How-To: Configure and Schedule Automated Backups in Linux
Step 3: Cron
Once you have configured Rsync to backup your files, you are only halfway to having a viable backup plan. A decent backup solution must run regularly instead of intermittently, and all by itself Rsync will not update your files unless you manually invoke it. While you can remember to manually run Rsync every day, there is a far easier way to do it.
Linux and similar systems have a utility called Cron, which is essentially a scheduling tool for running other programs. Each user has a crontab file, which is a list of instructions for Cron to execute and the times each instruction should run. In this way, everyone (not just root) can use Cron. Cron works with the system clock; when the correct time for a planned event rolls around, Cron will automatically execute the command.
There are several ways to edit your crontab. The easiest way for new users to configure Cron is to use a frontend like gcrontab or kcron. More advanced users can edit the crontab manually in a text editor like Vim or Kate. To edit the crontab manually, open a terminal and type “crontab -e”. After that, you should check your system process list for a “cron” or “crond” process (root should own it) to make sure that the Cron daemon is running. After editing your crontab, you must restart the cron process ( run “sudo /etc/init.d/cron restart”) before your new changes will work.

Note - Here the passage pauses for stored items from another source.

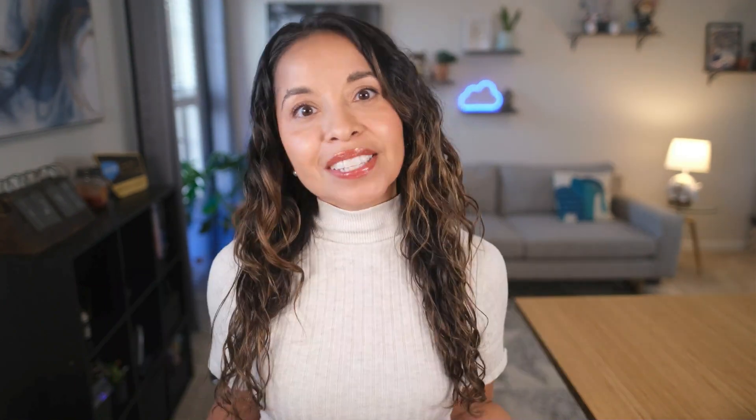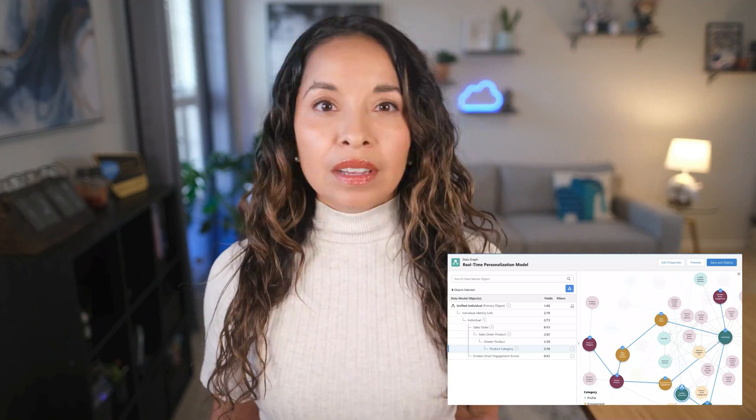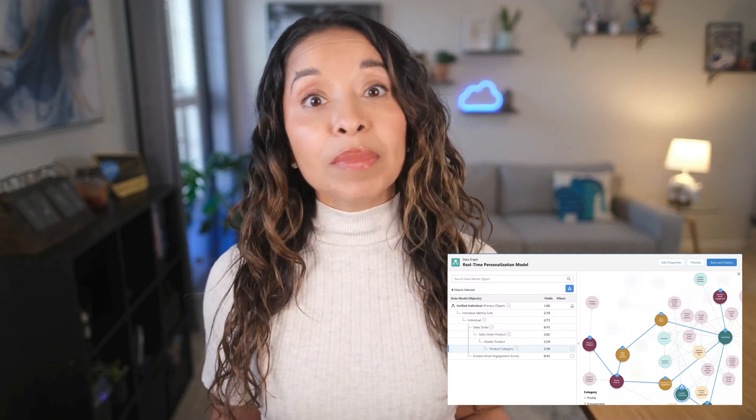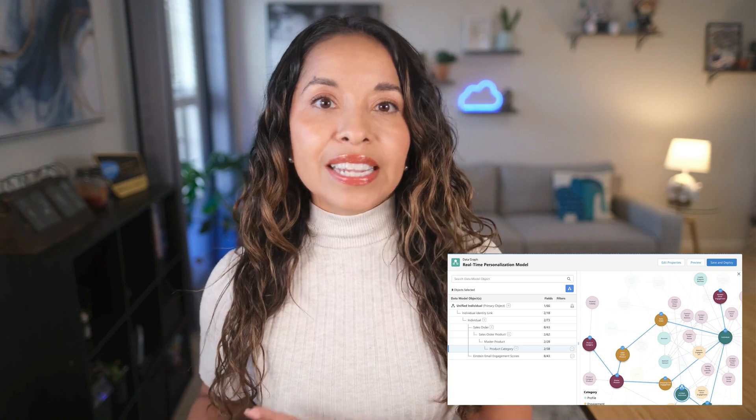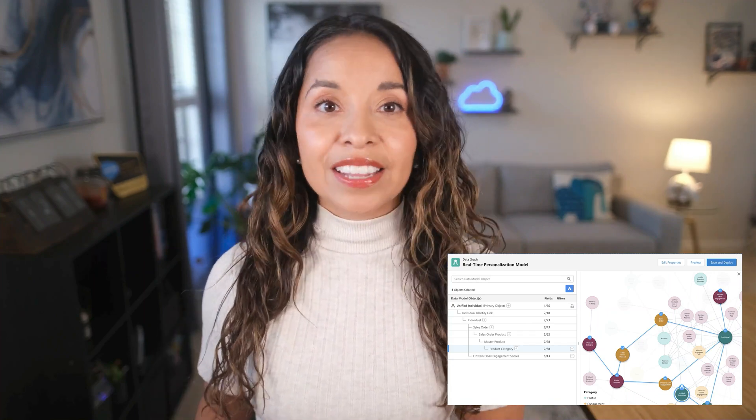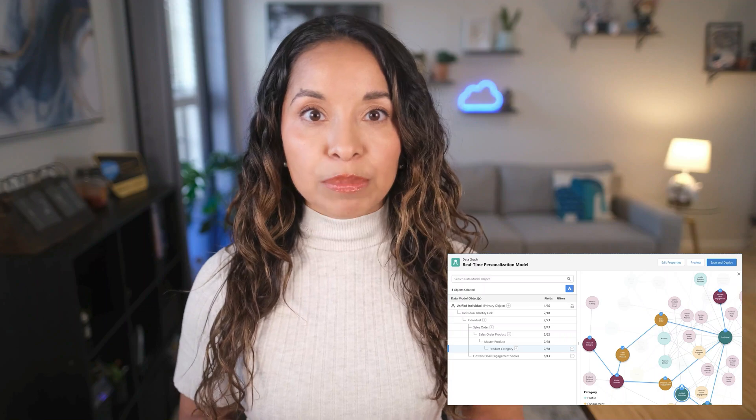For our next example, let's focus on data graphs. We've been focusing on how graphs are really good at storing complex relationships, but graphs are also an extremely efficient way to retrieve data, especially when you need to run real-time queries on extremely large data volumes, which makes graphs the perfect tool to use in Data Cloud. In Data Cloud, there's a concept called a data graph — an object that stores the denormalized versions of our data lake house objects as nodes and the relationships between those different objects as edges.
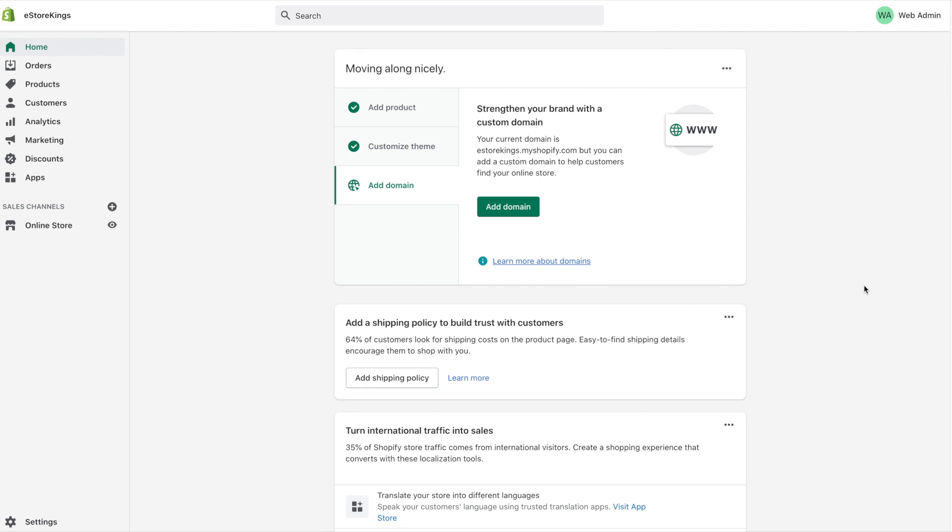When setting up a Shopify store, there are a few legal pages that you're going to need to create. Those include a refund policy, a privacy policy, terms of service, and a shipping policy.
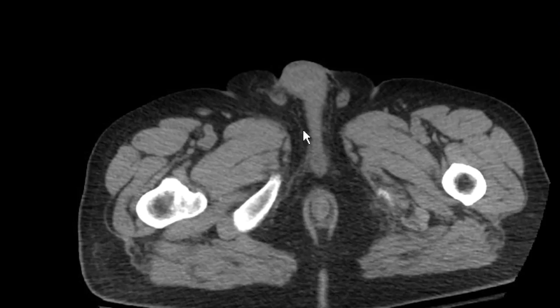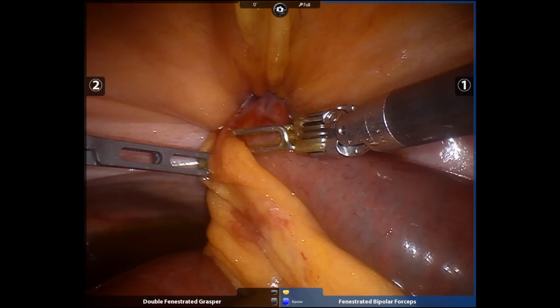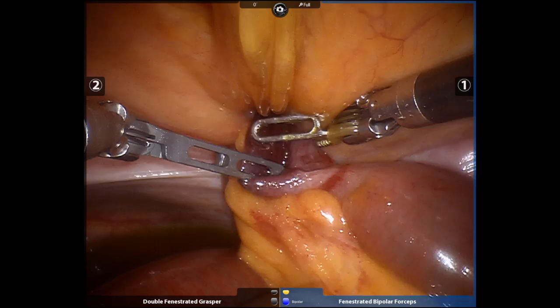General surgery was consulted, the INR was normalized, and the patient was brought to the operating room. In cases where bowel handling is necessary, I like to use a low grip strength double fenestrated grasper with my left hand, and a fenestrated bipolar with my right hand.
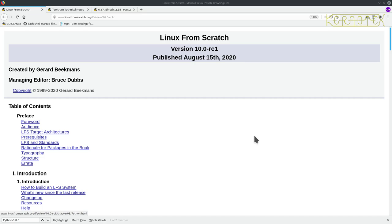Hi, it's Kernitex here with a video previewing the next version of Linux from Scratch 10.0. A couple of days ago, the Linux from Scratch team published the first release candidate for the next version of Linux from Scratch, version 10.0.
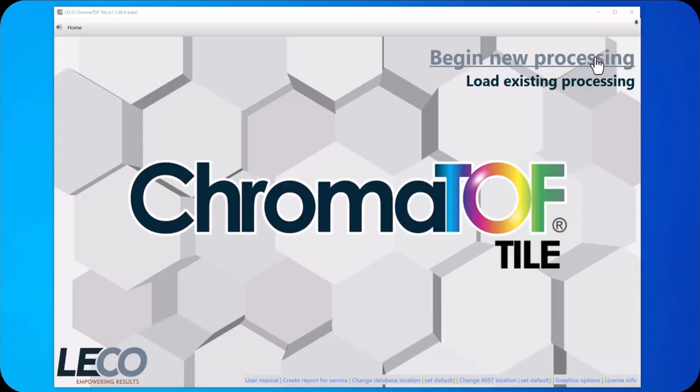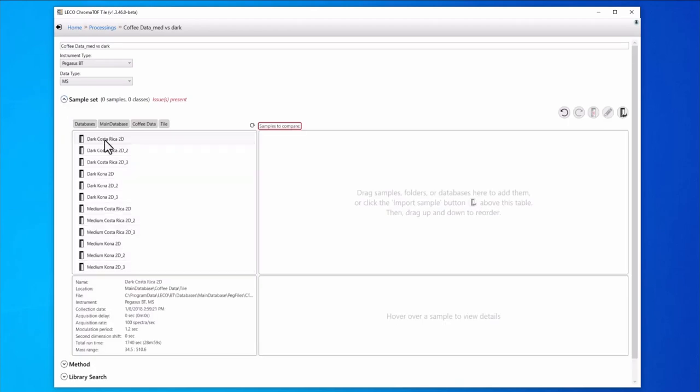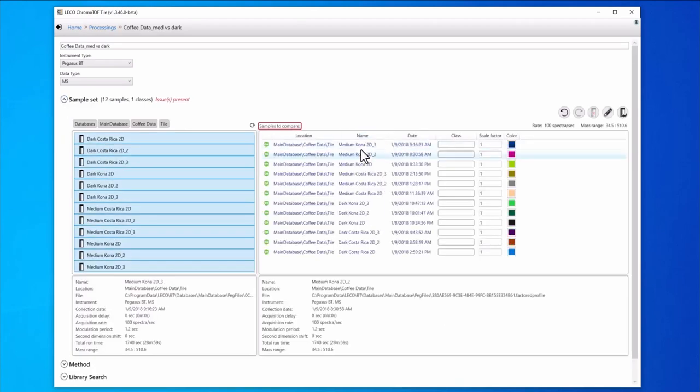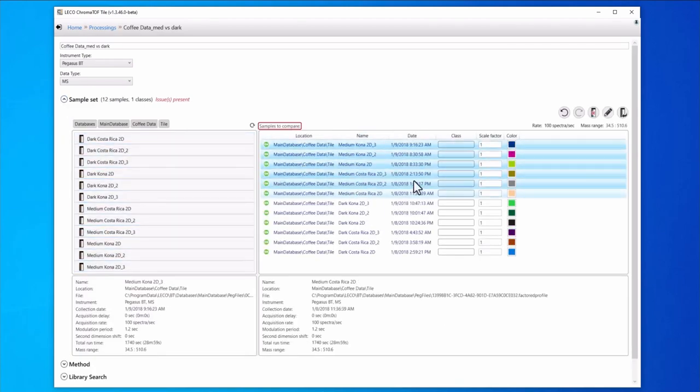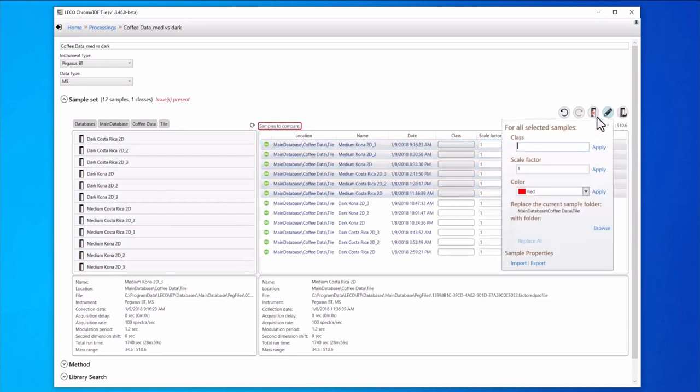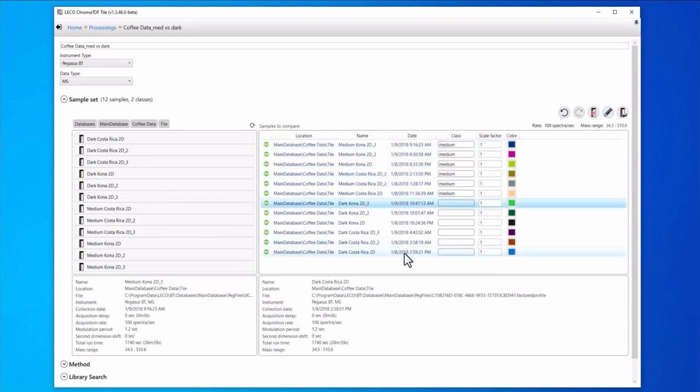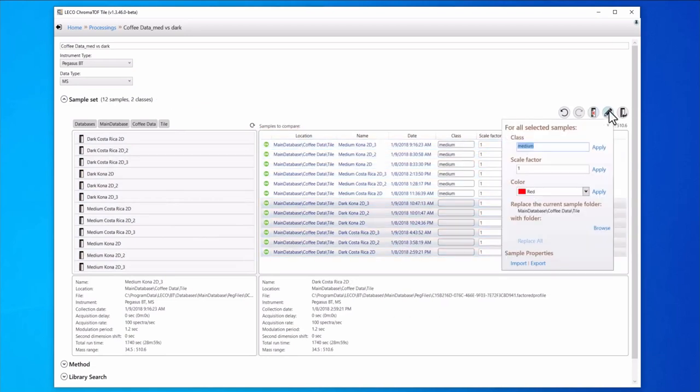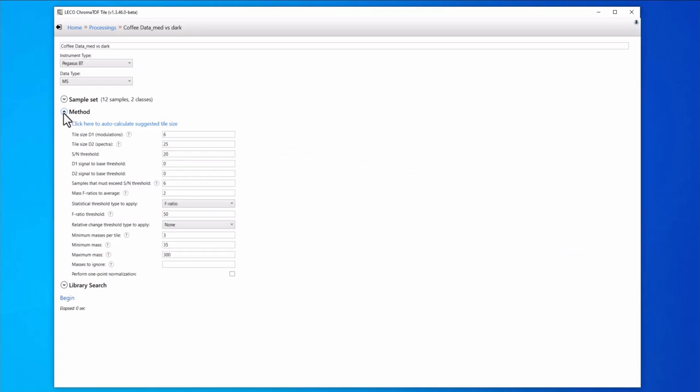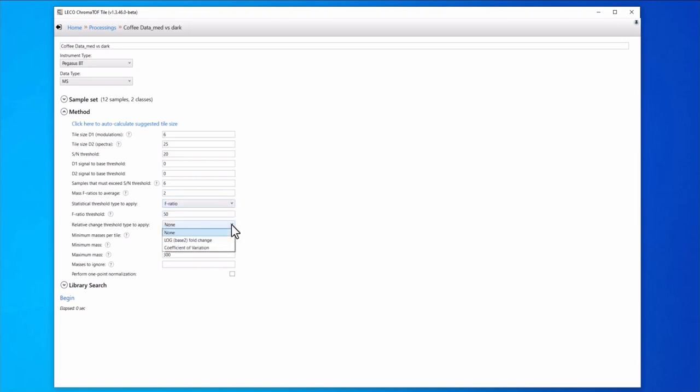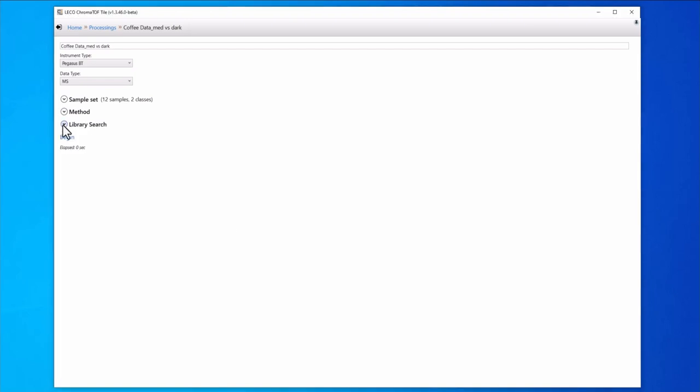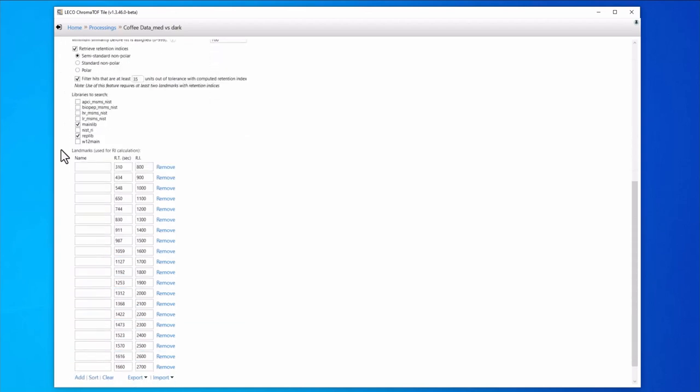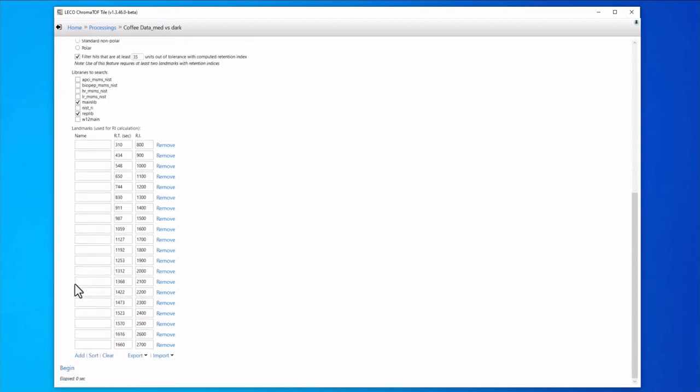We set up a data processing method in ChromaTOF Tile. We select the samples that we want to compare from our ChromaTOF database. Then we group the samples into their classes. Here we have our medium and dark roast samples. The data processing parameters are used to set the tile size and various other thresholds. Different comparison options can be selected which gives flexibility for different experimental designs and analysis objectives. Library search parameters and retention index landmarks can also be entered before clicking begin to start the data processing.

Manual crontab editing looks daunting at first but is simple once you get the hang of it. Each row in the crontab list is treated as a separate command. Each row has several columns that must be specified: minute, (abbreviated “m”) hour, (abbreviated “h”) day of month, (abbreviated “dom”) month, (abbreviated “mon”) day of week, (abbreviated “dow”) and the command. Each column is delimited by a single space with no other marks, and it doesn't matter if each row lines up perfectly with the others or not. You can add times/dates as both real numbers (Cron uses a strange 24-hour clock, so noon is 12:00 and midnight is 00:00), abbreviated days of the week (Sun, Thu, etc.), and wild characters. (*) Anything defined with a wild character is interpreted by Cron as “all”, meaning that if the hour on a command is set to “*”, Cron will execute the command every hour. To configure something to run repeatedly at a certain interval, you can use a “split” wild character. (e.g. setting */2 in the hour field will cause the command to run once every two hours on the days you define.)
Cron is quite flexible; Ranges affecting everything between two values are defined by short dashes (-) while multiple nonconsecutive occasions are delimited by commas. For instance, if you wanted to run a command every day from the first of the month to the 10th, you would specify “1-10” in the “dom” field. Likewise, if you wanted a command to run every Monday, Wednesday, and Friday, you should declare “Mon,Wed,Fri” in the “dow” field.
Step 4: Put them Together
Now that you know about Rsync and Cron, you can probably already see how they can be used together to automate backup processes. Since decent backup procedure recommends backing up to multiple sources, you would have to create multiple crontabs each with a different rsync command. Fortunately, there is a far better way that can be handled with a single Cron job.
The various command shells on Linux (like Bash) have excellent support for scripting. Shell scripts are the Linux equivalent of Windows batch files and offer a way to quickly run multiple commands in a specific pre-defined order and with a preset configuration. If you have much experience at all on the command line, you should not find basic scripting very difficult (there are plenty of online guides to help you write scripts for bash and other shells if you run into trouble). Creating a shell script to hold the necessary Rsync commands is trivial; from that point, you can invoke the shell script in your crontab and each Rsync command will run at the appointed time you set in Cron just as though they were being invoked directly. It helps to specify the full pathname of the shell “/bin/bash $scriptname” in the crontab instead of the shortcut “./$scriptname” to make sure that Cron executes the job successfully. If you have sensitive data, you should definitely consider encrypting it before you place it on a shared server (like a web host). Encryption can be done with GPG in the shell script prior to transmission.
The only foreseeable problem with automated backup is that system configurations tend to change over time. Mount points and IP addresses can be reassigned without notice, and your script will not automatically update itself to include these changes. As long as your Rsync commands are out of date, your files will not be backed up properly and you will have no idea of the problem until it is too late. Therefore, it pays to manually run your backup commands often to check for problems and update your script as necessary.
Although Rsync can sync between locations on the local system without user input, it usually requires a password before it can sync to a remote system (it uses part of SSH's functionality for this). Since automated Cron jobs prevent user input, there is no way to provide the password when it is needed. Because of this, the default SSH behavior will not work for automated backups. You can get around this by setting up public/private key authentication for SSH; as long as the keys match, no password is required. Be forewarned that the automated key authentication will be broken if the IP address of the remote host changes (this is a deliberate feature to help prevent man-in-the-middle attacks) and that security is compromised slightly. Ultimately, it comes down to a trade-off between security and convenience, so choose wisely based on your situation and needs.